Nice arguement Icy, but I'd like you to lay out exactly why it wouldn't work.
You have no precedent to go on, but you assume that teh fact is self-evident, which I obviously say it isn't.
Soo...
Icymonkey wrote:
I'd prefer that too, but then again, I'd also prefer if property didn't exist and we all lived in a stateless society where there was no racism, no war, no poverty, no violence, and we could all join hands and sing kum-ba-yah by the goddamn fireside while smoking pot and eating granola bars. But that's just me. And, of course, just because I'd prefer it doesn't mean it would work in reality.
Which has relevance as to whether my own suggestion works in reality...how?
I mean honestly, apply to my arguement instead of making non-comparisons.
Icymonkey wrote:
If the government is to exist at all, it needs money. Now, as wonderful as your utopian dream is of making the government some kind of charity which simply operates via donations, it would never work.
If you want to reduce the amount of money the government spends, that's a different issue. We're taling about the relative proportion of that budget, whatever it might be. Even if we were talking about some kind of libertarian paradise without a social safety net, and more importantly without a military and a minimal, unarmed police force (as military expenditures take up about 20 times more of our budget than welfare does), it would still need at least a few billion dollars to operate.
Hold on, 20 times more? That is, and I like to say this, a communist lie. Data pending, but watch this space.

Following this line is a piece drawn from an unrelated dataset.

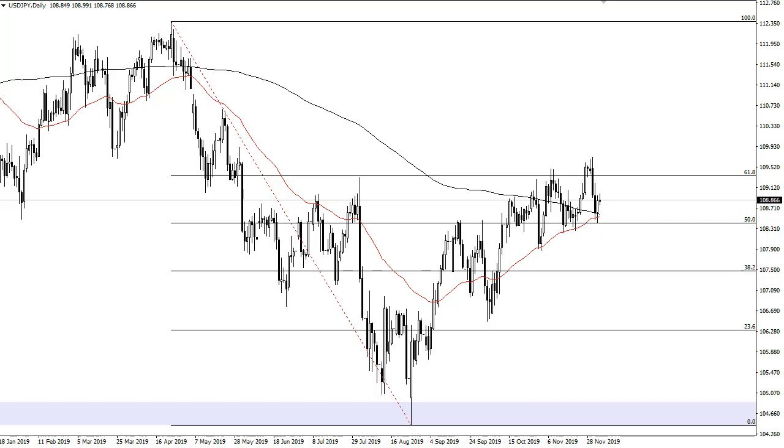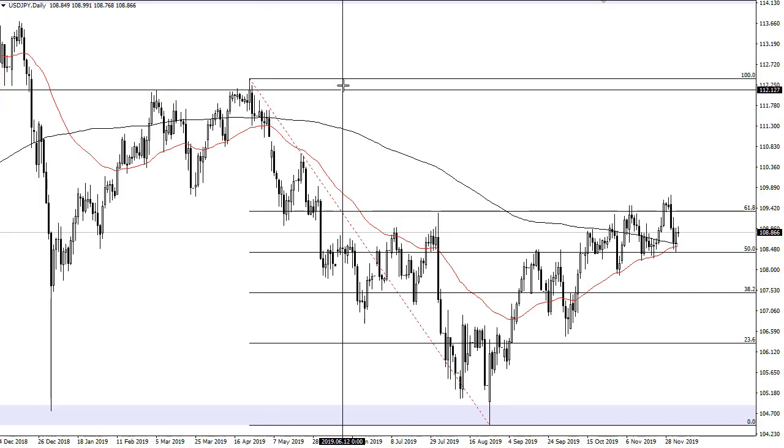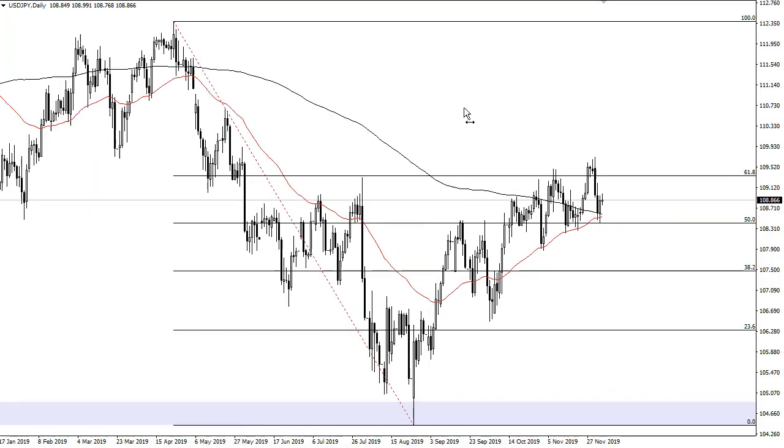It's got to deal with the 110 level above, which I think is a major resistance barrier. If it can break above there, though, then it opens up the door to 111 and 112 and a half. That's kind of been what I've been saying for what feels like ages now. The Golden Cross is starting to come into play, so I think that will bring in traders as well.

Also, why not both? I don't see why it wouldn't work, unless of course you assume every human being is going to assume a police force and military arn't worth their money, which is a rather tenuous concept, especially as how "we're cutting police!" is a threat used to cajole people into voting for a tax hike.
Icymonkey wrote:
Charging for their services? Then the government wouldn't be a government. It would be some kind of weird protection-service company operating in some kind of anarcho-capitalist environment. Let's say I don't want to subscribe to the service, so I don't pay. Then I decide to murder someone, or, alternately, I myself am murdered. If I wasn't a "subscriber", what could the government do?
Kill the murderer, be it you or someone else.
Any other questions? Whatever entity it is, I call it government, you can call it swiss cheese, it keeps order. And it would charge on a per-case basis, not like a monthly subscription fee. So in the case whoever wished to get the murderer found would be charged a fee.
Tho the concept IS amusing, "YOU can subscribe to AMERICA(tm) 6 weeks for only 99.99!"
Icymonkey wrote:
As for the idea of the government operating on donations... I think I've already addressed that.
"OMG IT NO WURK" doesn't really count as 'addressing' anything.
Icymonkey wrote:
The government is a special moral case. They can do things that normal citizens can't. The government is a very specialized organization created to prevent anarchy. While one large, democratically elected organization forcibly taking some property from everyone to fund its protection of those same people is bad, a strong person forcibly taking the property of a weak person simply because there's no well-funded organization in place to stop him is worse.
Wait, first you say its a special moral case, then you agree with me and say "Well, sure, its bad...but WITHOUT taking everything by force, there would be no order."
Er, even in a statistical analysis, the govt takes by force 887,880,000,000 or so dollars by force just in income tax, by what logic is that better than getting held up for your lunch money?
And, by what logic does "no taxes" = "no government"? As I have already outlined above a proposal for change, and you have just said "OMG IT NO WURK," assuming I would trust your judgement implicitly (hint: I don't.)
Icymonkey wrote:
As nice as it is to have clear-cut, unbreakable rules such as "taking things by force is always, always to be avoided", in the real world, ethics can only be matter of choosing which things we want to avoid more than other things.
And if I say you're wrong, and its just
your ethics that force that?
Icymonkey wrote:
By the way, what the hell? I'm the one supposed to be defending idealistic, unrealizable dreams involving a stateless society, and you're supposed to be the one pointing out that in the real world, things don't work that way and we have to make compromises - not the other way around.
Perhaps because I'm not advocating a society which demands of man impossible feats of so-called morality, like anarchy or communism does?
Crazy thought there.
Icymonkey wrote:
(Keep in mind, by the way, that I'm all for reducing the size of the government - starting with our bloated, money-sucking, inefficient military and intelligence organizations.)
Er, what do I care about that again? No data, no advocacy, no plan, no reason, just...yeah. There.